• [TASK DETAILS]:
Word for word, output the data, with none of its pictures.

• [DATASET EXCERPT]:
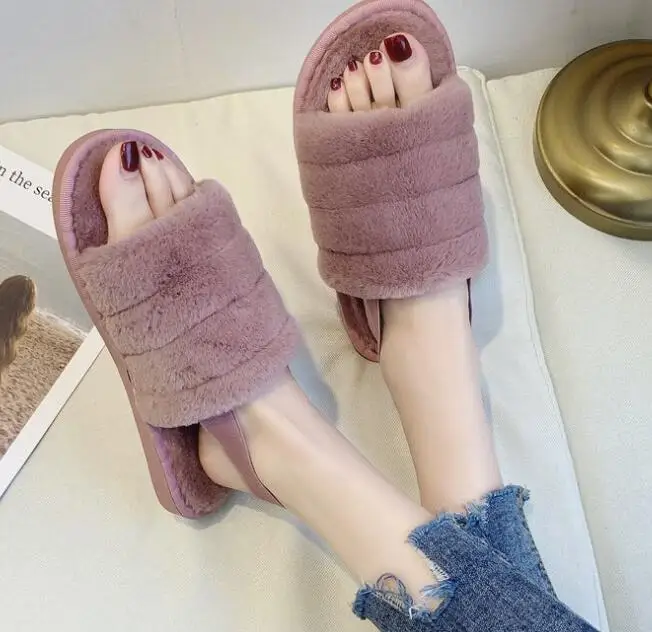 purple fur slippers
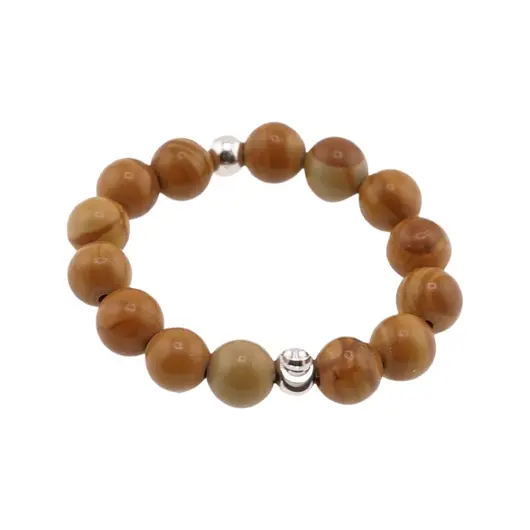 Inel pe elastic cu jasp maro si argint 925, sfere 4mm, imagine 2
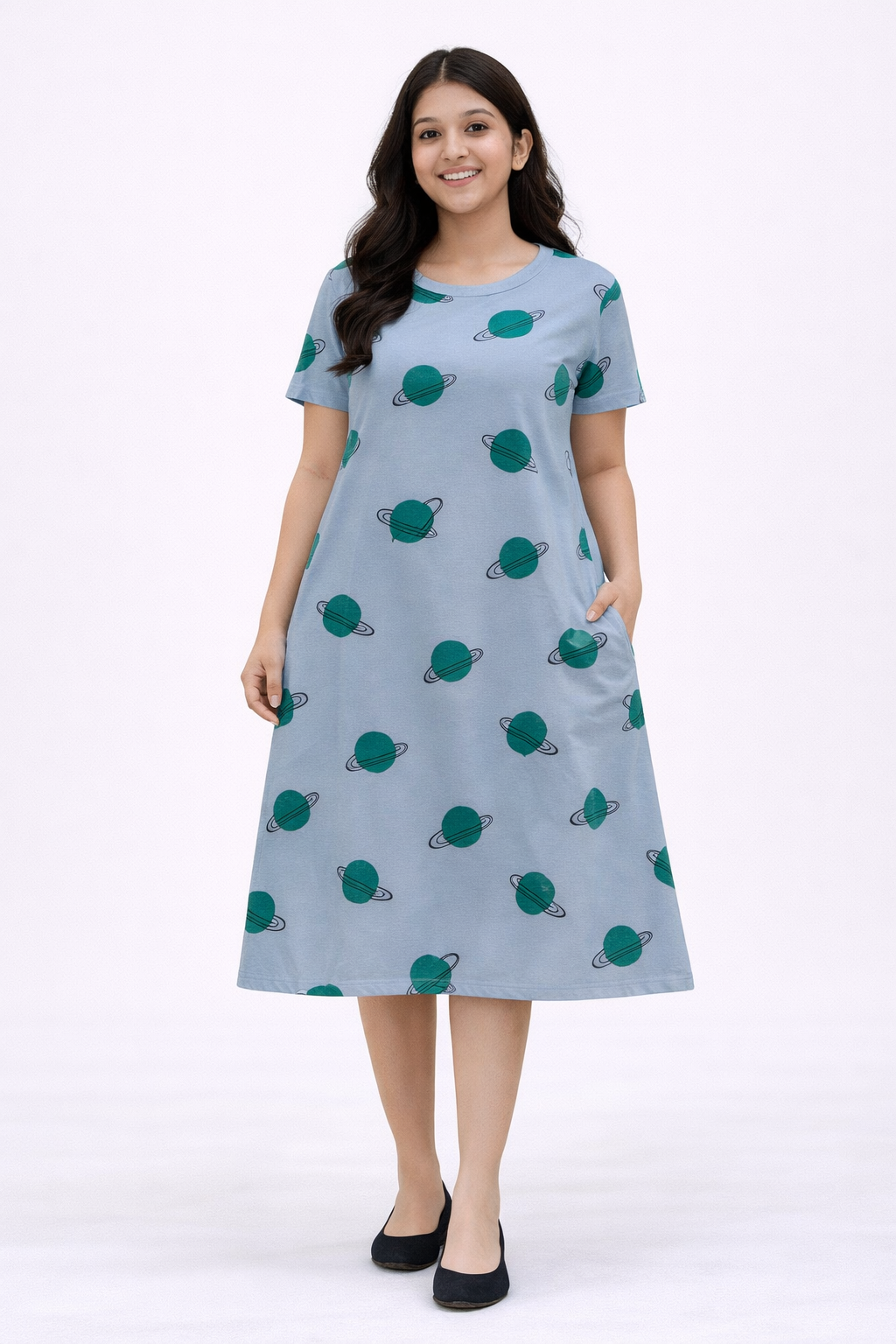 Women's Long  A-Line Top (Solar System)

• [EXPECTED ANSWER]:
 purple fur slippers
 Inel pe elastic cu jasp maro si argint 925, sfere 4mm, imagine 2
 Women's Long  A-Line Top (Solar System)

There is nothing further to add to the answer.